▶ [WHAT NEEDS TO BE DONE] Take the line containing "Trying to get" as the first and the last line of the records below as the end, and please set down only what lies between them exactly, both ends included.

▶ [DATA IN THIS EXERCISE]
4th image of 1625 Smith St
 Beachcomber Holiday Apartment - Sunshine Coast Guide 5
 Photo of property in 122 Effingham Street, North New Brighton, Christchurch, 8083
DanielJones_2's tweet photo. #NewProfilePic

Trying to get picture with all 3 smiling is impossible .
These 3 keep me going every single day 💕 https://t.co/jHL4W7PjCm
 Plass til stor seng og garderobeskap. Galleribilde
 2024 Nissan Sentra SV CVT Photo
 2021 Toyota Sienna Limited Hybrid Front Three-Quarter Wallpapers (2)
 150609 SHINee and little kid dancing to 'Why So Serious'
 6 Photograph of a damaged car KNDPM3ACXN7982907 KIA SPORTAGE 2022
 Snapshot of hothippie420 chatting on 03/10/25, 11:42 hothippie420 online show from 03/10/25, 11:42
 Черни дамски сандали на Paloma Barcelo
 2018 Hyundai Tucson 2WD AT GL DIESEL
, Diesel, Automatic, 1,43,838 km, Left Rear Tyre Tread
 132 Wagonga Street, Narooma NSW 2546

▶ [TASK SOLUTION]
Trying to get picture with all 3 smiling is impossible .
These 3 keep me going every single day 💕 https://t.co/jHL4W7PjCm
 Plass til stor seng og garderobeskap. Galleribilde
 2024 Nissan Sentra SV CVT Photo
 2021 Toyota Sienna Limited Hybrid Front Three-Quarter Wallpapers (2)
 150609 SHINee and little kid dancing to 'Why So Serious'
 6 Photograph of a damaged car KNDPM3ACXN7982907 KIA SPORTAGE 2022
 Snapshot of hothippie420 chatting on 03/10/25, 11:42 hothippie420 online show from 03/10/25, 11:42
 Черни дамски сандали на Paloma Barcelo
 2018 Hyundai Tucson 2WD AT GL DIESEL
, Diesel, Automatic, 1,43,838 km, Left Rear Tyre Tread
 132 Wagonga Street, Narooma NSW 2546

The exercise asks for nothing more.